Todos os sábados é preciso se deslocar com cuidado entre as gôndolas. Uma visita ao templo do reabastecimento doméstico nesse dia exige a máxima atenção: de tão lotado, o perigo de golpear canelas ou abalroar pessoas e prateleiras é real e aterrorizador. Deve ser porque trata-se do maior supermercado dentro do perímetro central de Milão. Os preços são um detalhe: como sempre, é preciso ficar atento à misteriosa combinação de ofertas dos concorrentes. Então, da manhã mais tenra ao início da tarde dos sábados, religiosamente, centenas (milhares?, sim, milhares) de milaneses e imigrantes vários se acotovelam nos corredores e no grid dos caixas a fim de satisfazer sua existência plena de consumidores.

Normalmente, no contexto, as filas dos caixas são imensas, mas toleráveis. Naquilo que deveria ser o fim da aventura, os produtos ficam ali, se exibindo na esteira, catalogados mentalmente até chegar às mãos do funcionário que, ao som contínuo de bips, transforma tudo em cifras — e das quais, no fim do mês, receberá algumas migalhas pelo seu esforço de oito horas repetindo os mesmos três ou quatro movimentos.

Mas o sistema é sábio, mais sábio do que conceder migalhas (o Sistema, coitado, insiste em confundir falta de necessidade de qualificação com desqualificação). Na Itália não existe a figura prestativa do empacotador, normalmente exercida por um jovem bastante jovem, movido pela migalha que recebe todo fim de mês. Aqui não: o próprio cliente deve, da melhor maneira que for capaz, meter todas as suas aquisições do momento dentro das sacolas — no menor tempo possível, se faz a gentileza, porque, veja bem, a fila é longa. Evidentemente, conta com a ajuda do funcionário do caixa, solícito não se sabe se por paciência curta, orientação comercial ou educação. Nenhum problema, o consumidor já se adaptou à situação: é raro ver pessoas fazendo suas compras sozinhas — vêm em duplas, um paga enquanto o outro (ou ambos) agita (ou agitam) os braços, acomodando tudo nas sacolas (evidentemente pagas; a natureza agradece). Sistema perfeito, funciona até mesmo para os idosos, que fazem assim, talvez, o último exercício físico da fase final de suas vidas. O gado, quero dizer, o consumidor é participativo e hábil.

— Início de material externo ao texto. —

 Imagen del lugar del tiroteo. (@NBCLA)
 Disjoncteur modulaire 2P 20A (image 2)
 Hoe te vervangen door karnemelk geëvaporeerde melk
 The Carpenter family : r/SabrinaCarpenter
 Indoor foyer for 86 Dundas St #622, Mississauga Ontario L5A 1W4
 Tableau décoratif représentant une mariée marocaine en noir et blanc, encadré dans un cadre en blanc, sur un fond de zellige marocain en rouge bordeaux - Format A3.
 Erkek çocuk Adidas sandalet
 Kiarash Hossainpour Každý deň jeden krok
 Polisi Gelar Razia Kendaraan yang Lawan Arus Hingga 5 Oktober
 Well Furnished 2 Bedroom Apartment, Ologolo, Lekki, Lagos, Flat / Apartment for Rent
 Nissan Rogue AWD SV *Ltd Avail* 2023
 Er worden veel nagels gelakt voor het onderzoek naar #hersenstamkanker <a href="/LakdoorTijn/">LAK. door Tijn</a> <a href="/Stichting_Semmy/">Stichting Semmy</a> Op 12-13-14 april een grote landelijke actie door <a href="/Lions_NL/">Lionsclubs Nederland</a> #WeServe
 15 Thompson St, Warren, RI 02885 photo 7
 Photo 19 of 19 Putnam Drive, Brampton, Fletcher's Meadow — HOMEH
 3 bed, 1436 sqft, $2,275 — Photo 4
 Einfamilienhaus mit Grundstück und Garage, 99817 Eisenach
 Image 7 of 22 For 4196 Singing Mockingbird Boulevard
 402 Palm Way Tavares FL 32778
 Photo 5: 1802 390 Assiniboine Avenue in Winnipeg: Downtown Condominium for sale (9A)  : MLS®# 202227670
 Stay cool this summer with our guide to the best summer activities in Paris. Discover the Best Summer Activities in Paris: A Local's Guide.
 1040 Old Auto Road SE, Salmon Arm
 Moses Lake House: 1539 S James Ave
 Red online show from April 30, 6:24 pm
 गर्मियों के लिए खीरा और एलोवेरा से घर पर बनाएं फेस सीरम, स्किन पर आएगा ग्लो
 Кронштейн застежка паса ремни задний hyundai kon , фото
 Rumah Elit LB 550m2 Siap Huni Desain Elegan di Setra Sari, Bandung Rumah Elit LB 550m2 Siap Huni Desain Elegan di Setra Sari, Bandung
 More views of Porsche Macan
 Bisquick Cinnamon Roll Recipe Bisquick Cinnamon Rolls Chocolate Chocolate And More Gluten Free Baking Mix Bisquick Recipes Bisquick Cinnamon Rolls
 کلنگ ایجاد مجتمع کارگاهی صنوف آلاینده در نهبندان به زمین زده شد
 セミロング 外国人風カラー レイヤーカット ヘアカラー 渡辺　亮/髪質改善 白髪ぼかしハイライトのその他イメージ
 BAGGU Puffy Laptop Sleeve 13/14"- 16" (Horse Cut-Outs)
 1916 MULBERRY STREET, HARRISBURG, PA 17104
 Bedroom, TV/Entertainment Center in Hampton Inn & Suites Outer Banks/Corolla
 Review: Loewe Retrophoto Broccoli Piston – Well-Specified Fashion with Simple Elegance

Mas é possível fazer o fluxo funcionar de forma ainda melhor. Por que não incentivar — pergunta-se o Sistema — uma maior participação do cliente (enquanto economizamos alguns trocados para o nosso lucro)? Além disso, sem a lerdeza de um atendente se economiza o tempo do consumidor, que pode aproveitar o seu sábado para um passeio com a família, uma refeição especial, uma pequena viagem ou um sonolento dia em frente à tv. Promissor. Surgem então os caixas automáticos, que vendem rapidez. Ninguém liga muito se as filas dobram de tamanho e o tempo triplica porque a maioria das pessoas não sabe usar o mecanismo — ou porque o mecanismo é, enfim, um mecanismo e por isso precisa da máxima colaboração humana para funcionar. Não parece ser uma questão de idade já que muitos jovens também se vêem enredados no complexo e sensível humor das máquinas: um momento de hesitação e toda a sabedoria do processo se bloca.

Eram 20, talvez mais, os caixas do grande supermercado. Todos humanos e falíveis. Agora os humanos foram reduzidos a cerca de 12 ou menos, substituídos por máquinas — eletrônicas e falíveis. Ironia é o fato de que, mesmo a figura do caixa humano desaparecendo, o ponto final das compras ainda é povoado por funcionários estressados: senhoras e jovens em jaleco laranja, tênis e olhar assustado, cuja função é correr de lá pra cá e de cá para lá “explicando” às pessoas como não magoar a máquina para que ela possa fazer o seu trabalho de forma mais rápida e eficiente que um ser humano. Também os jalecos laranja receberão suas migalhas no fim do mês. Já o Sistema... bem, o Sistema é o Sistema, e seria prova de estupidez tentar raciocinar algo externo ao sistema, que contém e detém tudo: as mercadorias, o tempo, o espaço, as almas, a riqueza. O Sistema é mais poderoso que nós, é onipresente e onipotente. É o Tudo. É Deus.